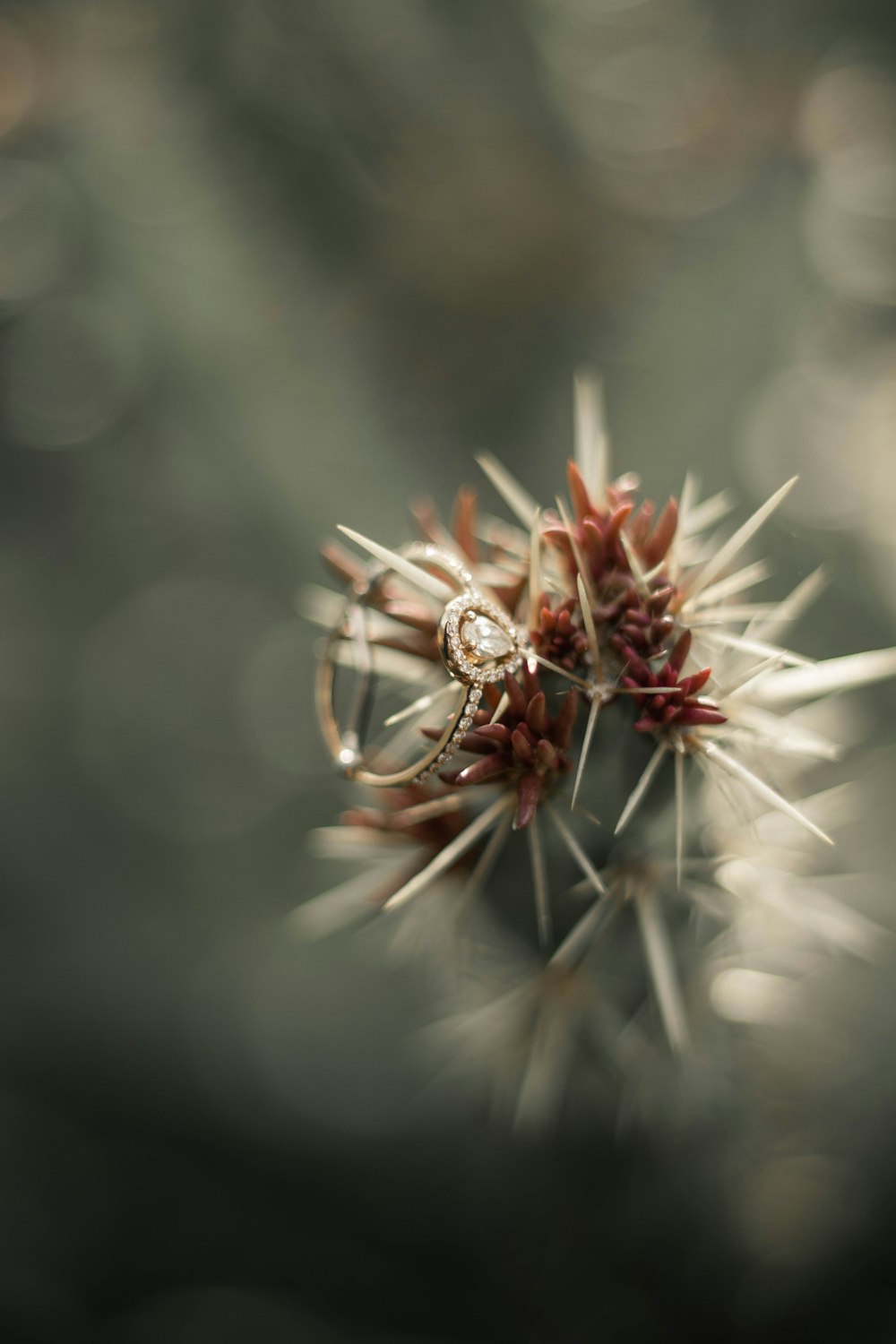 brown and white plant in close up photography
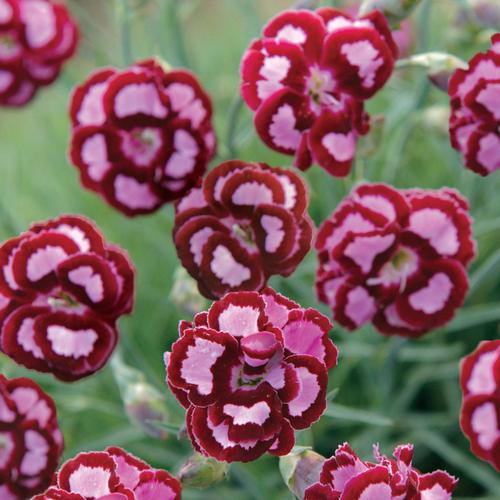 Fruit Punch® 'Apple Slice' - Pinks - Dianthus hybrid ...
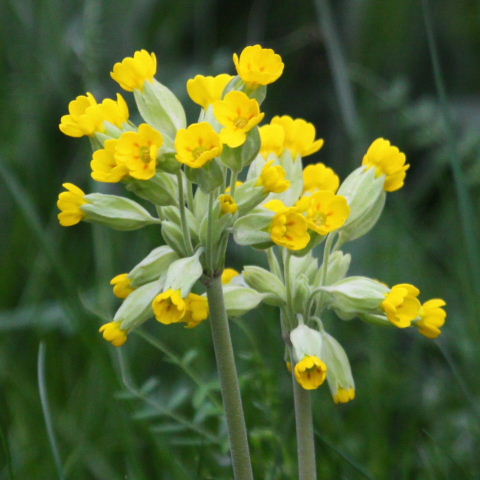 Cowslip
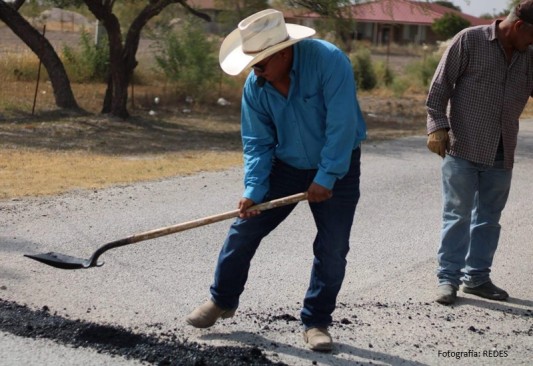 BACHEO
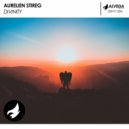 Aurelien Stireg - Divinity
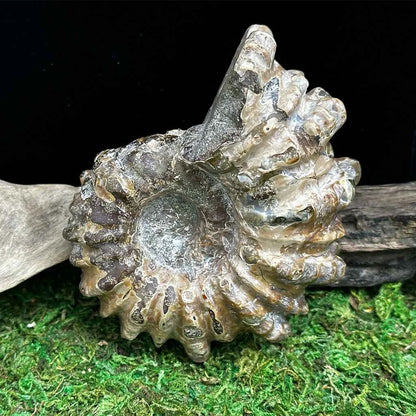 3" Tractor Ammonite A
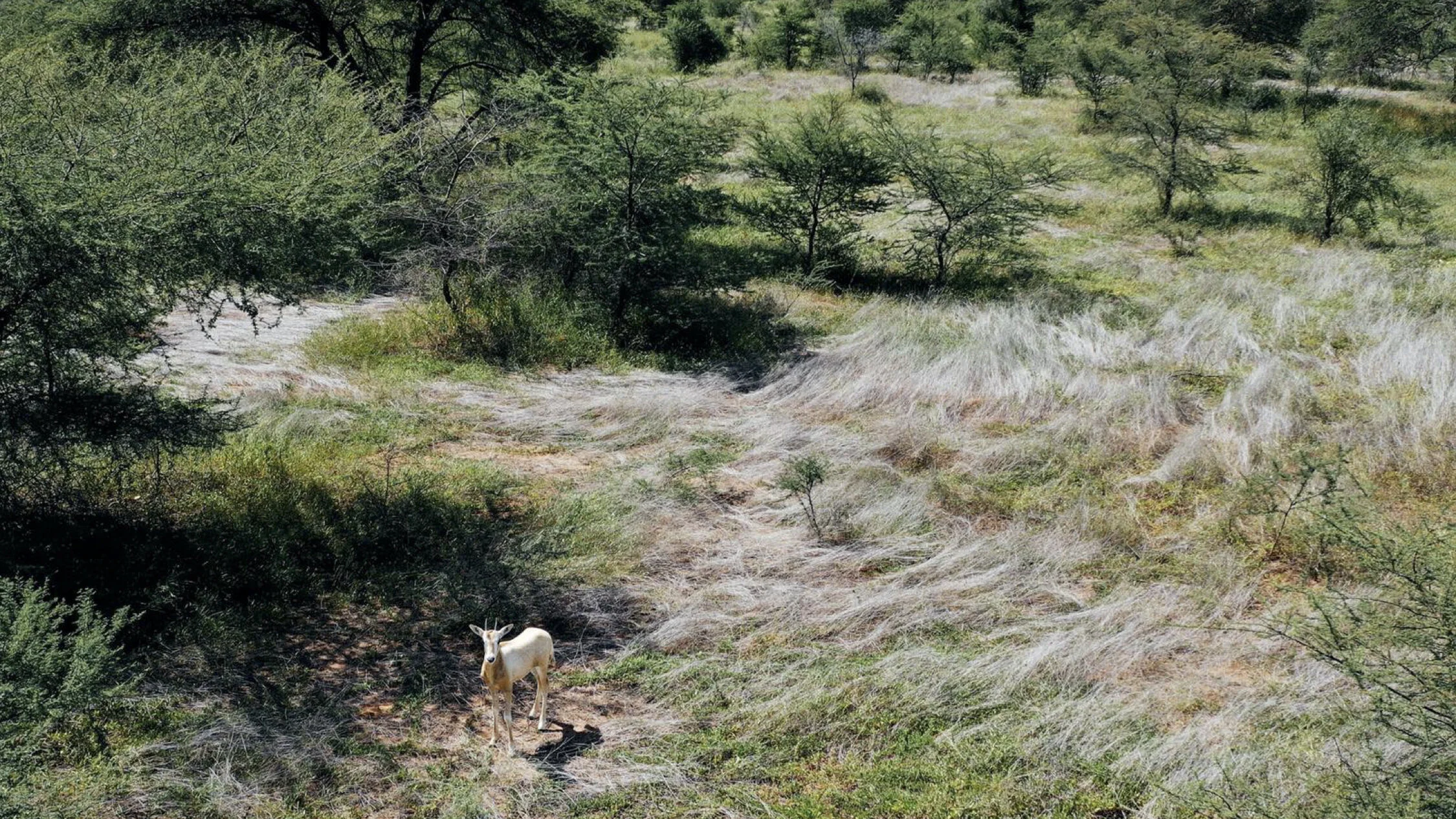 The Great Green Wall (Copy)
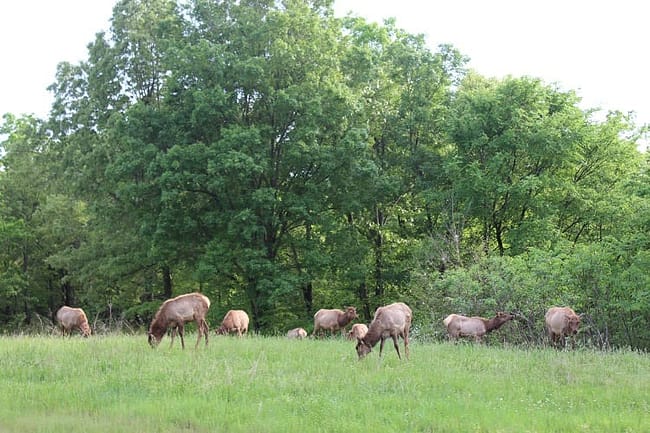 elk bison prairie 5 elk herd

+++

Could you give the listing above again word for word, without any pictures?

 brown and white plant in close up photography
 Fruit Punch® 'Apple Slice' - Pinks - Dianthus hybrid ...
 Cowslip
 BACHEO
 Aurelien Stireg - Divinity
 3" Tractor Ammonite A
 The Great Green Wall (Copy)
 elk bison prairie 5 elk herd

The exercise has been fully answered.